● **WHAT TO WORK ON**
An exact restatement of the data is required, with the images omitted.

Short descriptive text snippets

* * * * *

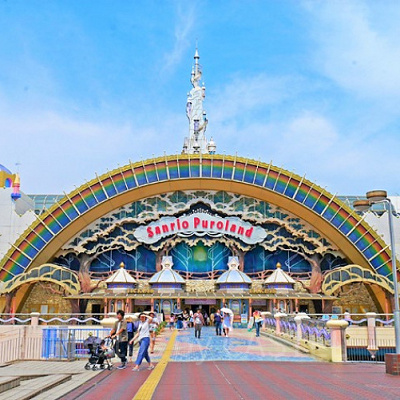 ピューロランドのダンサー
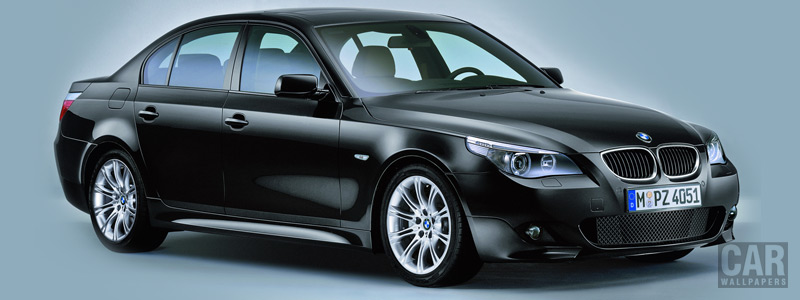 Cars wallpapers - BMW 535d M Sports Package - Car wallpapers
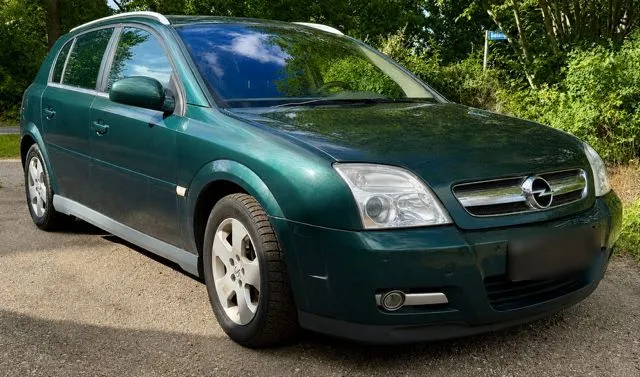 Opel Signum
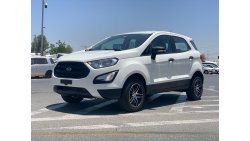 فورد ايكو سبورت 1.5L Petrol, 2018 WHITE ( LOT # 289)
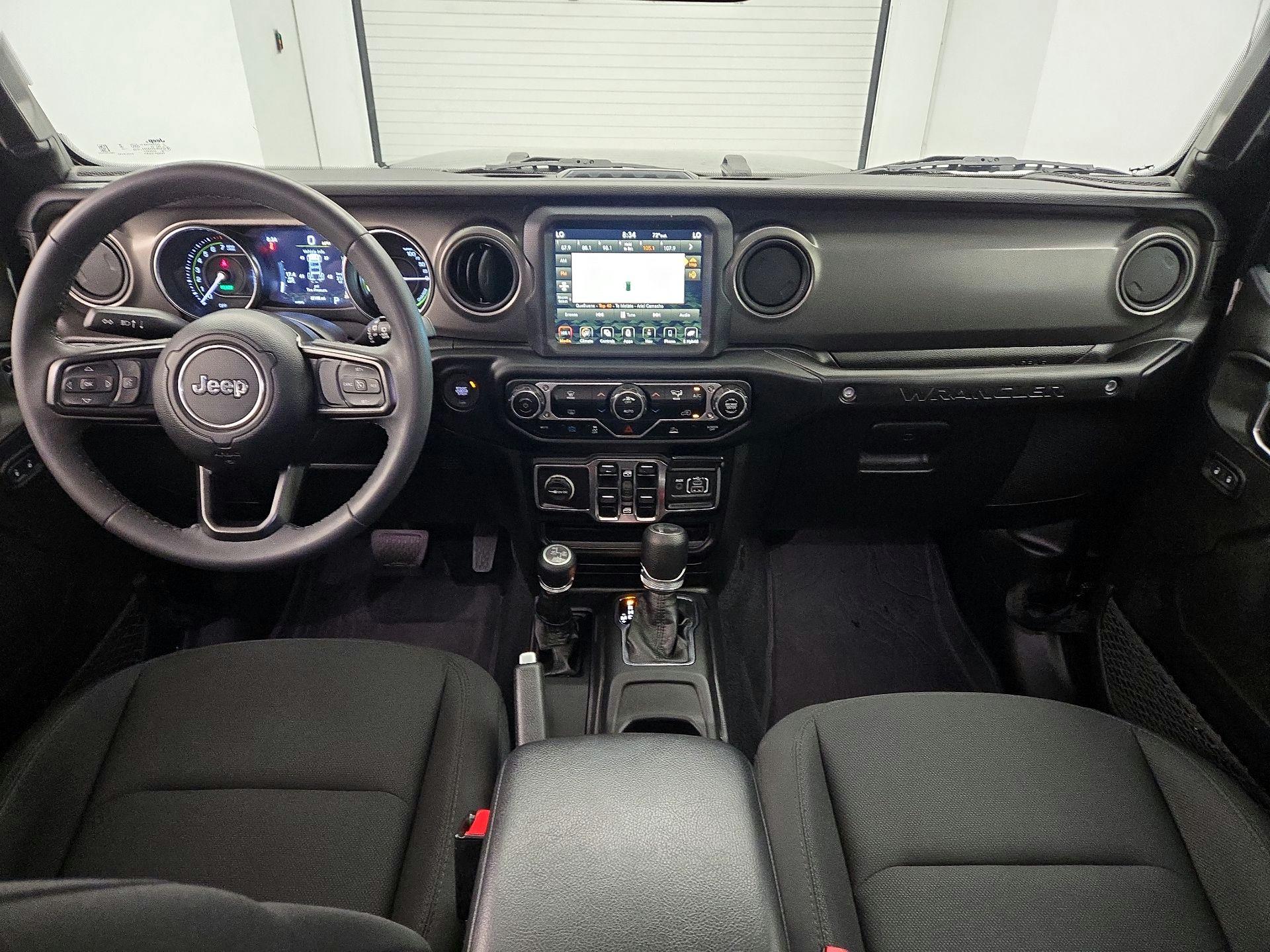 Thumbnail: 2023 Jeep Wrangler - 9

* * * * *

● **OUTPUT FOR THIS TASK**
 ピューロランドのダンサー
 Cars wallpapers - BMW 535d M Sports Package - Car wallpapers
 Opel Signum
 فورد ايكو سبورت 1.5L Petrol, 2018 WHITE ( LOT # 289)
 Thumbnail: 2023 Jeep Wrangler - 9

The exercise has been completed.